CHP, kamuda görev alan bazı isimlerin değişik kuruluş ve şirketlerdeki görevleri nedeniyle birden fazla maaş aldığı iddialarını gündemden düşürmüyor ve bir algı operasyonu yürütüyor.
Açıkçası işin içinde "adam kayırma" olmadıktan sonra konularının uzmanı bürokratların ve profesyonellerin fikirsel emekleri üzerinden birden fazla yere katkı koyması ve buralardan gelir elde etmesine olumsuz bakmıyorum.
Eğer birinin birikimi varsa, bunu farklı kuruluş ve şirketlerin faydasına sunabilir, karşılığında da ücretini alır. Hem CHP böyle diyor da kendisi ne yapıyor? Gelin İzmir örneğine bakalım... Bugün Büyükşehir Belediyesi'ndeki neredeyse bütün daire başkanlarının değişik belediye şirketlerinde yönetim kurulu üyeliği görevleri var. Bu üyeliklerden çok yüksek maaş almasalar da neticede öyle veya böyle alıyorlar. İlçe belediyelerinde de durum böyle... Dediğim gibi buna söyleyecek lafımız yok... Bürokratlar ve profesyoneller bunu yapabilir.
İŞİN CILKI ÇIKMIŞ DURUMDA
Ancak bunu siyasetçiler yaparsa.. İşte orada durmak lazım... Siyasetçiler bırakın çift maaşı, belediyenin herhangi bir şirketinden tek maaş bile almamalı... Ancak İzmir'de işin cılkı çıkmış durumda...

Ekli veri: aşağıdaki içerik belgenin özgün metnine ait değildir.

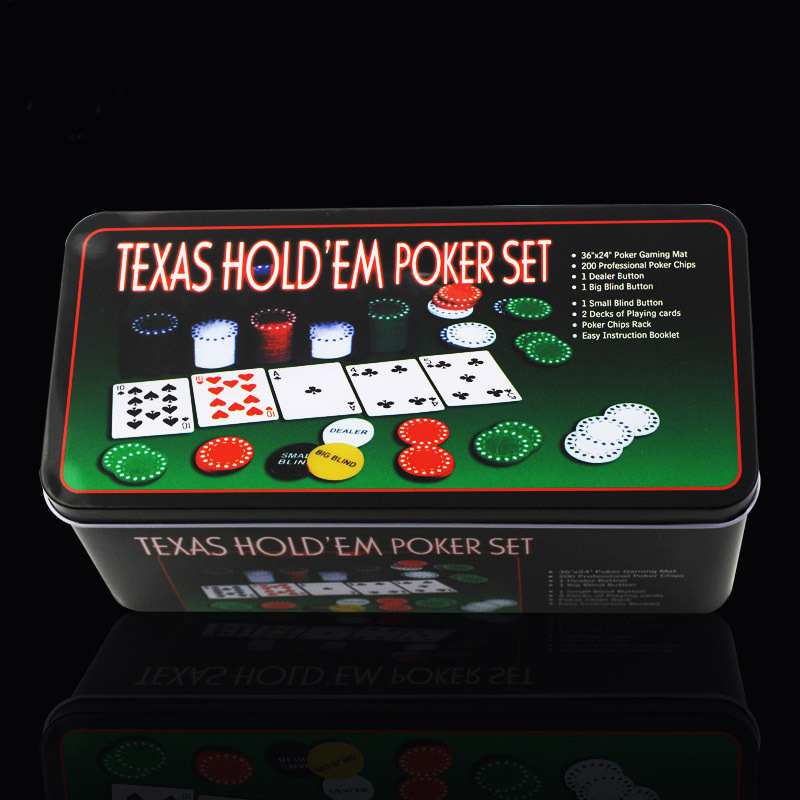 Texas Hold'em set žetona, 200 žetona, stolnjak, gumb dilera, metalna kutija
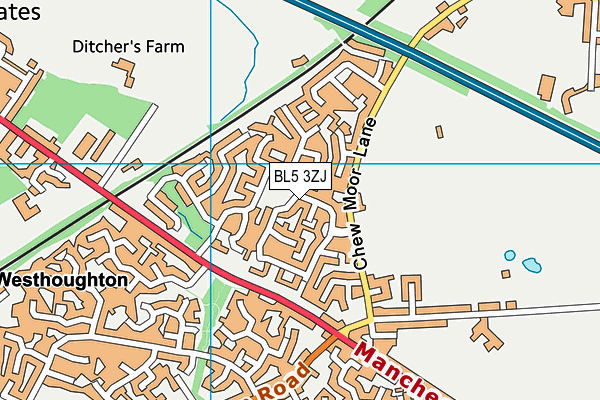 BL5 3ZJ map - OS VectorMap District (Ordnance Survey) BL5 3ZJ map - OS VectorMap District (Ordnance Survey)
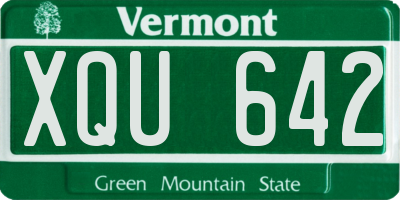 VT license plate XQU642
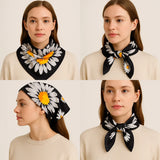Anyyou Fashion Premium Satin Square Scarf -Black Daisy Silk-Feel Neckwrap for Women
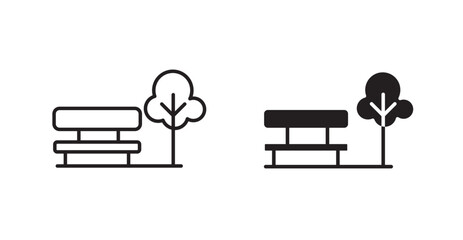 park line icon vector set. © Abstractor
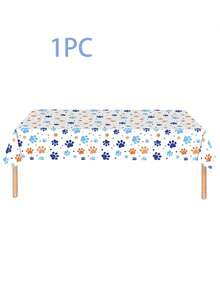 2pcs, 137*274cm/54*108in Disposable Party Tablecloth, Blue Base With Blue & Orange / White Base With Black & White / White Base With Blue & Orange Paw Print Pattern Tablecloth, Suitable For Various Theme Parties And Daily Use(Can Be Hung As Backdrop To Enhance Festival Atmosphere) - Orange - View 7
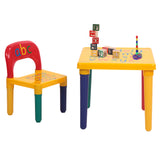 Children Letter Table Chair Set Yellow & Red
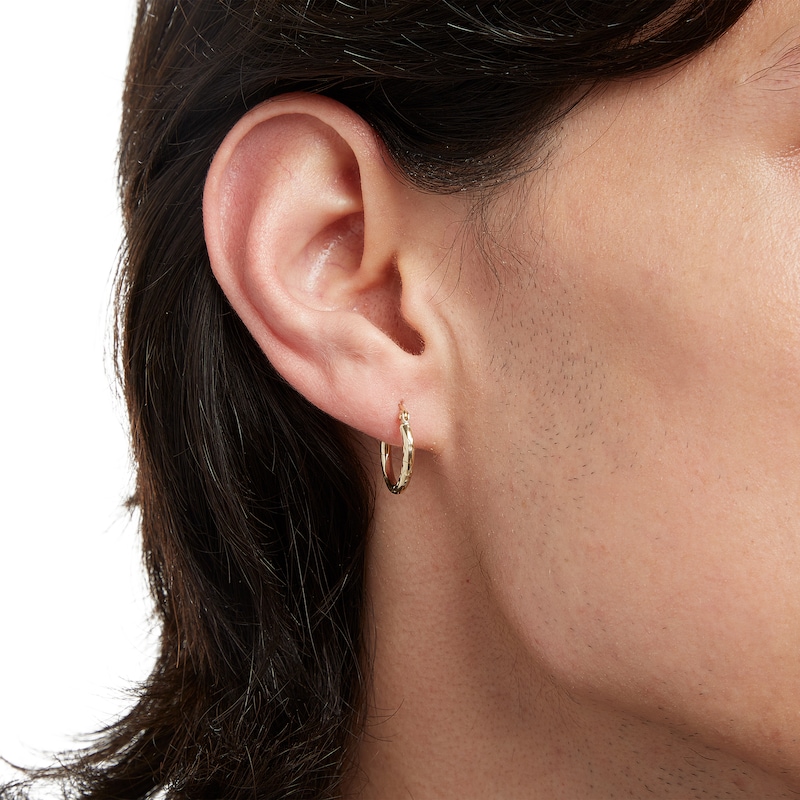 Main Image 4 of 10K Hollow Gold Diamond-Cut Hoops
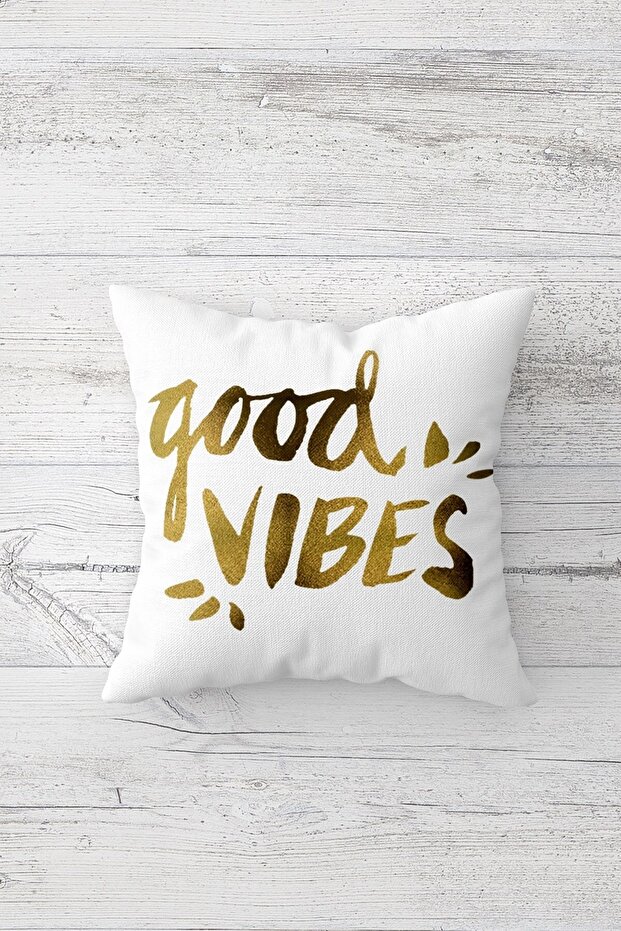 غطاء وسادة بسحّاب مخفي مطبوع من جانب واحد من Good Vibes، غطاء وسادة للأريكة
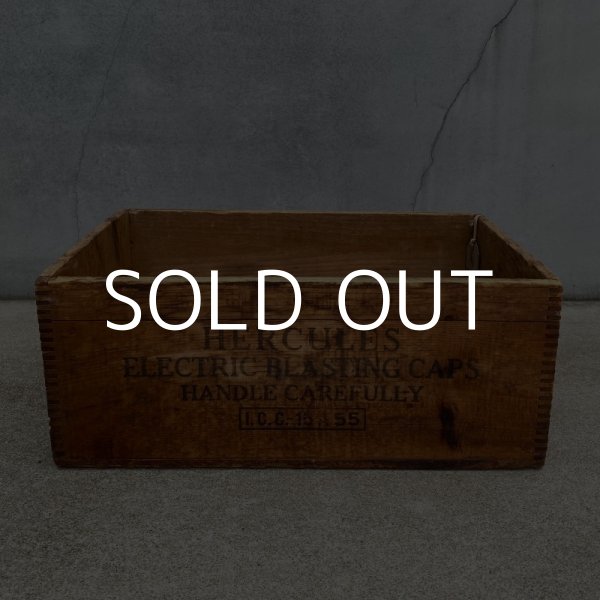 画像3: VINTAGE ANTIQUE HERCULES WOOD CRATE WOOD BOX ヴィンテージ アンティーク ウッドボックス 木箱 アメリカ / インダストリアル 収納 店舗什器 USA (2) (3)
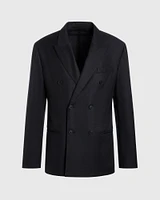Deconstructed Linen Blend Double-Breasted Suit Jacket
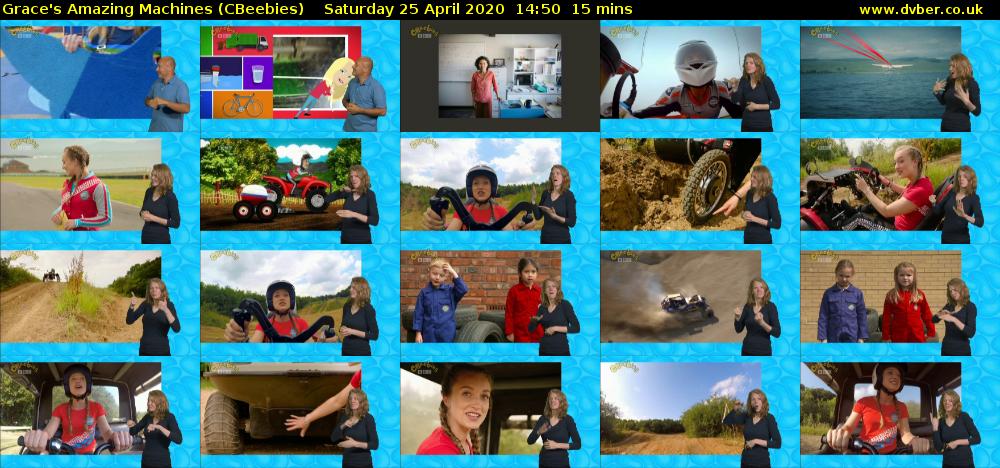 Grace's Amazing Machines (CBeebies) Saturday 25 April 2020 14:50 - 15:05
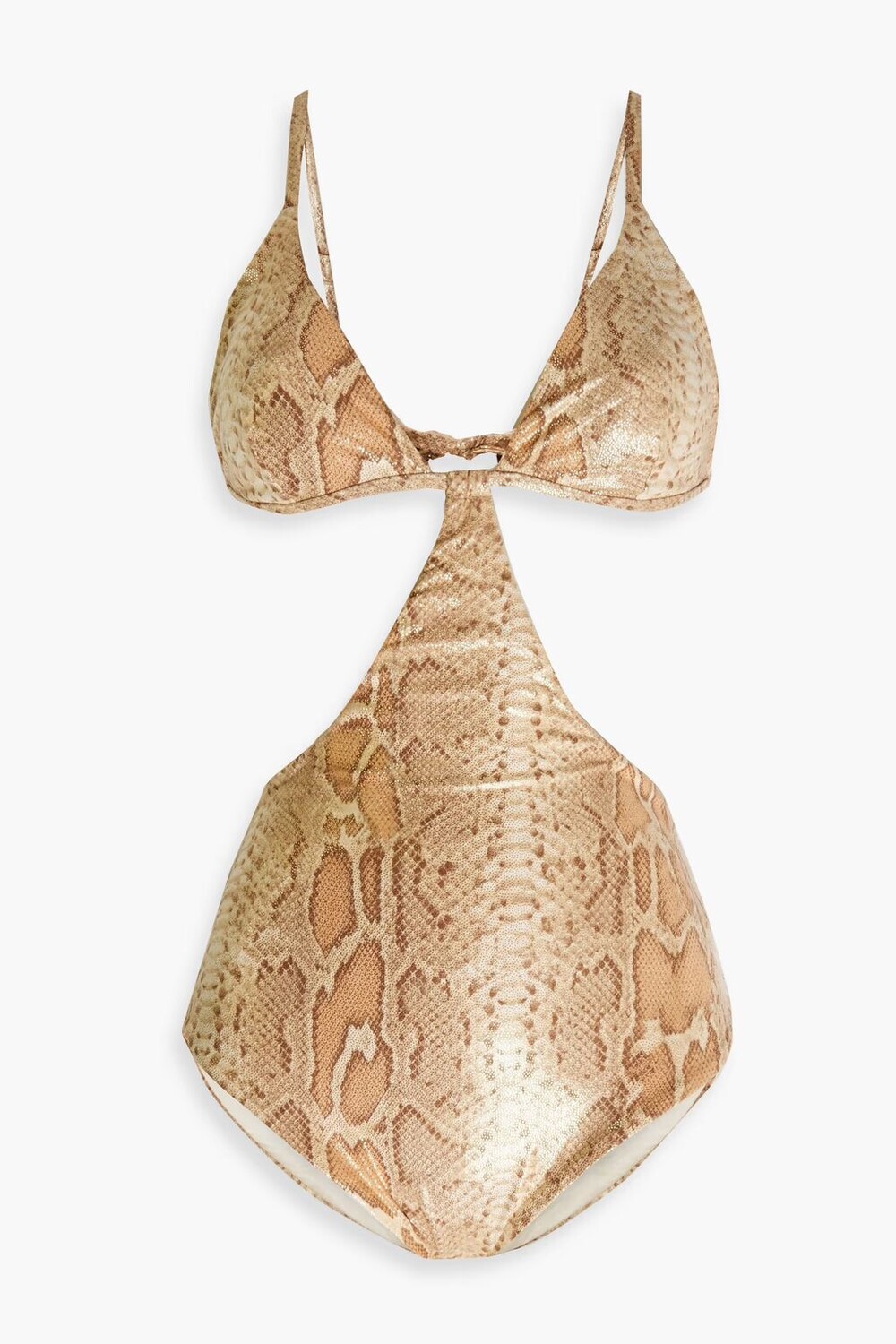 

Купальник со змеиным принтом и металлизированным вырезом Onia, цвет Animal print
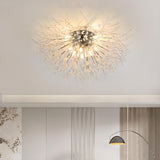 Elegant Starburst Crystal Flush Mount Light Living Room Image - 4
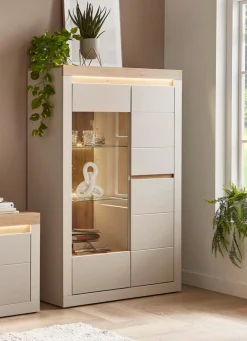BADER Vitrine mit LED-Beleuchtung, 1-türig kaschmir-eiche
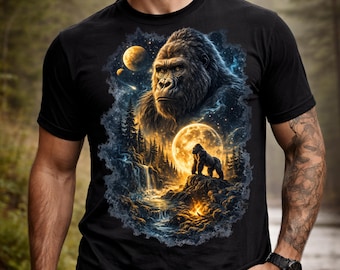 Gorilla Shirt Moon Gorilla TShirt Cosmic Ape Tee Gorilla Graphic Shirt Wildlife Shirt Dark Fantasy Gorilla Tee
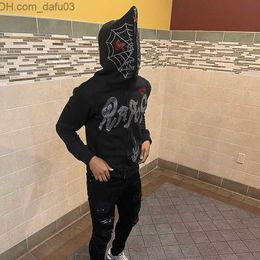 Men's Hoodies Sweatshirts Y2K Full Zip Hoodie Men's Autumn Gothic Rhinestone Spider web Sweatshirt Hip Hop Grunge Skeleton Oversized Jacket Z230803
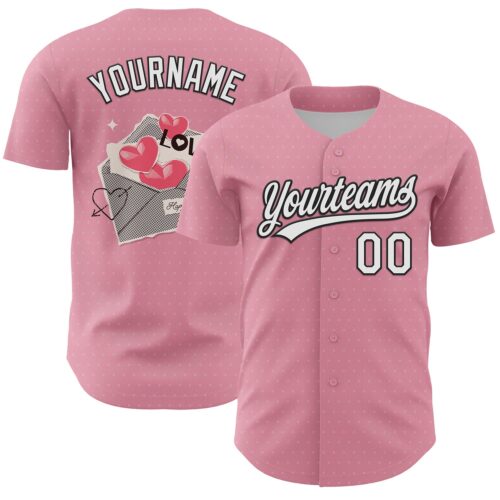 3DPattern6189 Custom Light Pink White-Black 3D Love Heart Valentine's Day Authentic Baseball Jersey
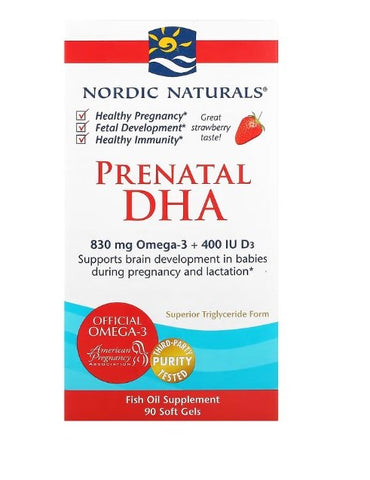 Nordic Naturals, Prenatal DHA, 830mg Omega-3 + 400 IU D3 Strawberry - 90 softgels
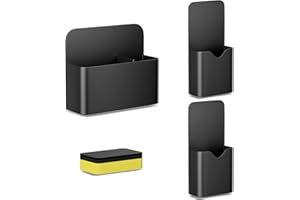 Fousenuk Pack of 3 Magnetic Pen Holder with Sponge, Marker Holder Pen Container, Pen Holder, Marker Holder for Fridge, Whiteboard, Locker (Black)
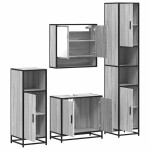 vidaXL Set de mobilier de baie 4 piese Lemn stratificat gri Sonoma vidaXL Set de mobilier de baie 4 piese Lemn stratificat gri Sonoma
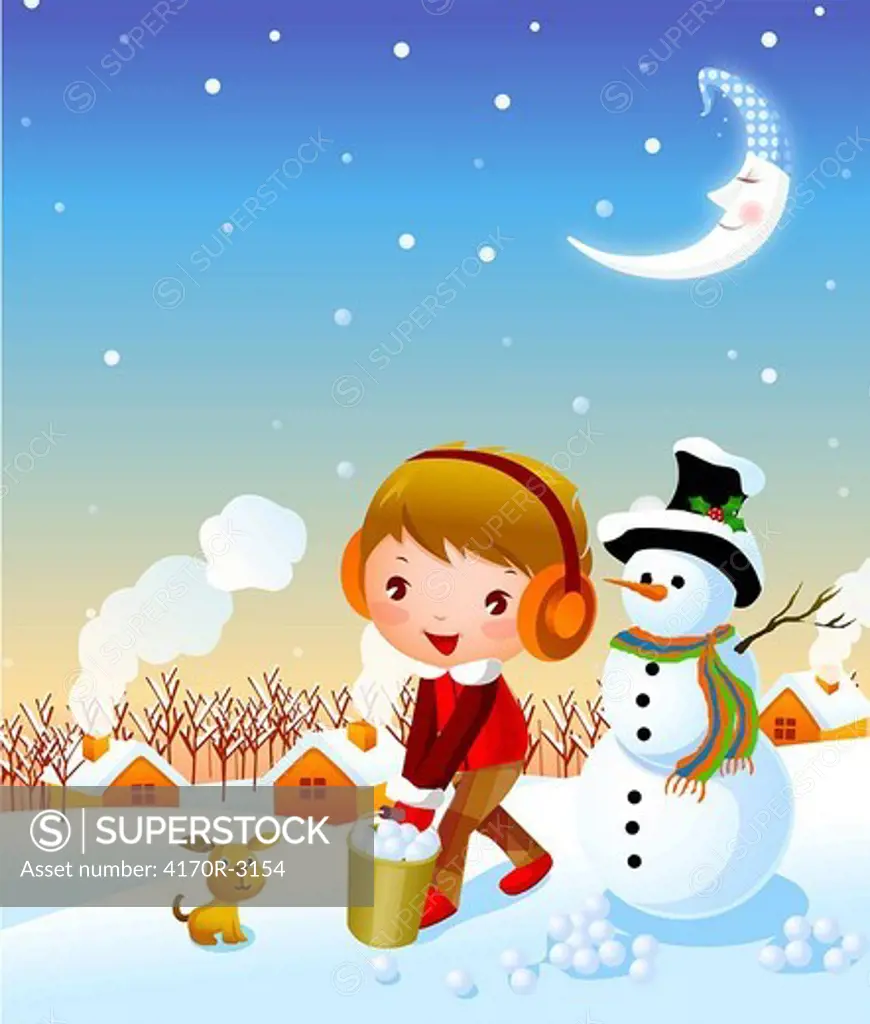 Girl carrying a bucket of snowballs with a dog and a snowman standing beside her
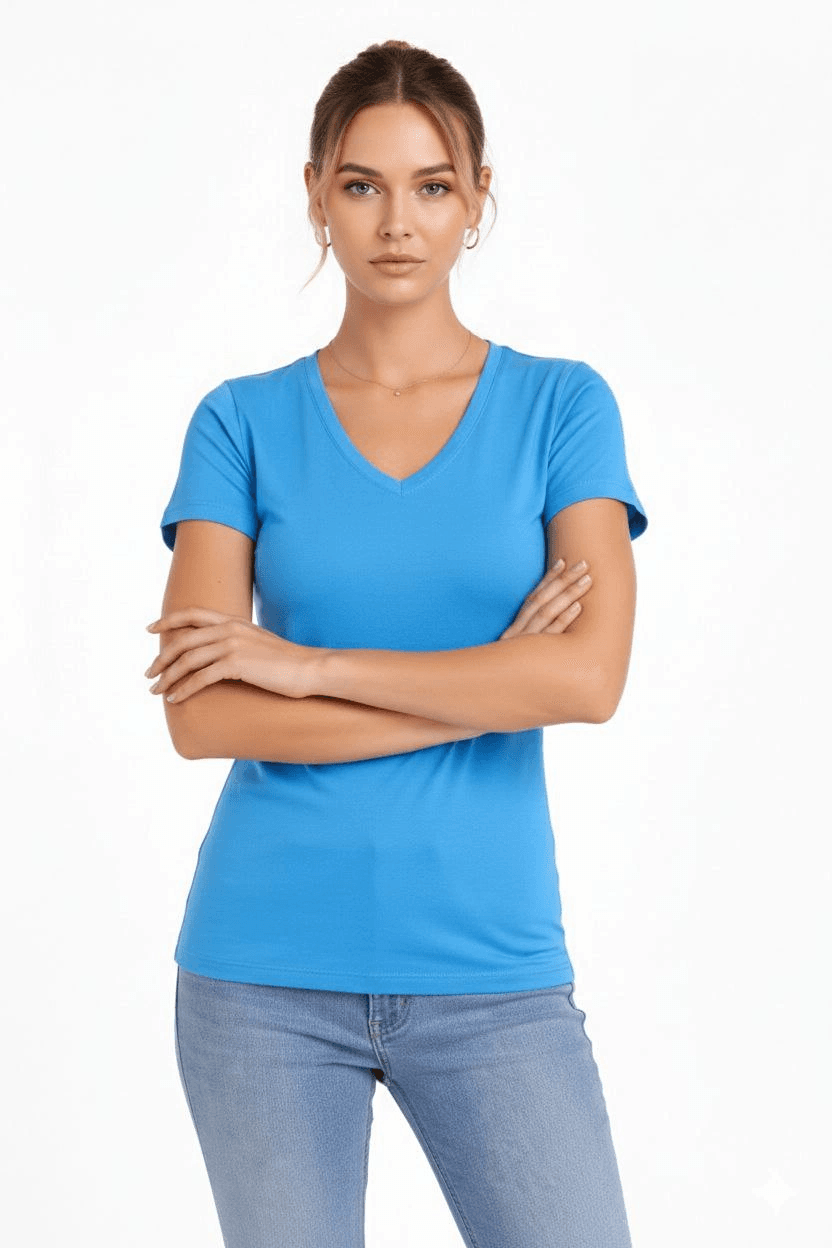 Kadın T-Shirt V Yaka Slim Fit Likralı Tişört Yazlık Basic Body - Açık Mavi — görsel 1 / 4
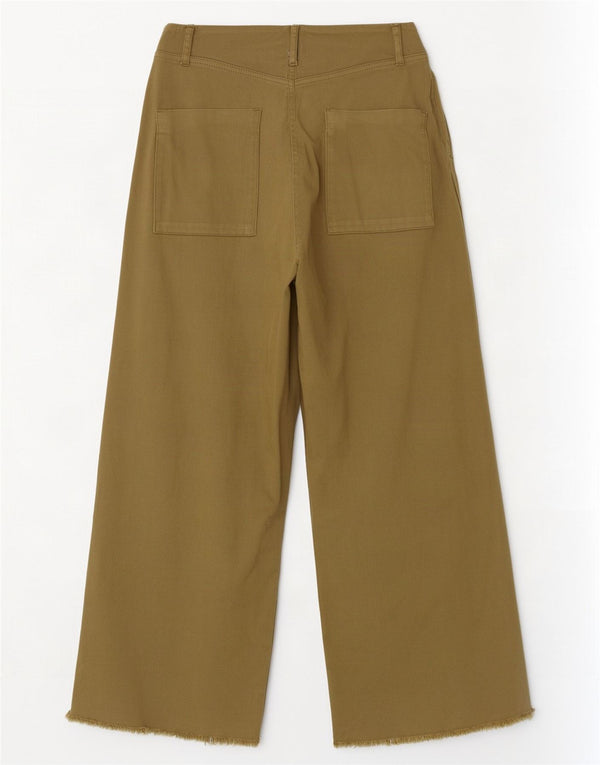 Zara Calça feminina cintura alta com pernas largas EU 38 Pequeno W28 L26 Cáqui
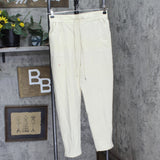 Calvin Klein Womens Elastic Waist Drawstring Straight Leg Pants Light Yellow S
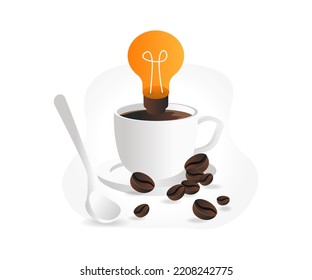 Obtener ideas con una taza de café en una ilustración plana isométrica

İşte bugünkü manşetimiz...
Torbalı'da eski başkanın vefatının ardından seçilen CHP'li yeni başkan Mithat Tekin, ilk iş olarak kendisini Belediye Personel A.Ş.'ye Yönetim Kurulu Başkanı yaptı.
15 bin liranın haricinde belediye başkanlık maaşının üzerine bir de buradan ücret almaya başladı. Bu da yetmedi CHP'li 4 meclis üyesi Ömer Şentürk, Musa Serbest, Özkan Altun, Savaş Benli'yi de aynı şirkette yönetim kurulu üyesi yaparak maaş bağladı...
Üstelik kendisine bunu sormak için aradığımızda bir de pişkin pişkin "Maaş değil huzur hakkı alıyoruz" dedi. "Peki etik mi?" sorumuzu da yanıtsız bıraktı. İnsan gerçekten hayret ediyor. "Halka hizmet edeceğim" gerekçesiyle siyaset yapıp bir de üzerine seçildiği kurumdan başkanlık maaşı veya meclis üyeliği için belirlenen ücretin dışında maaş almak da ne oluyor?
BALIK BAŞTAN KOKUYOR
İzmir'de bugün bir çok belediye başkanı, aynı zamanda belediye şirketlerinde yönetim kurulu başkanı olarak gözüküyor. Tunç Soyer de öyle.. Soyer daha önce şirketlerden ayrıca maaş almadığını açıklamıştı.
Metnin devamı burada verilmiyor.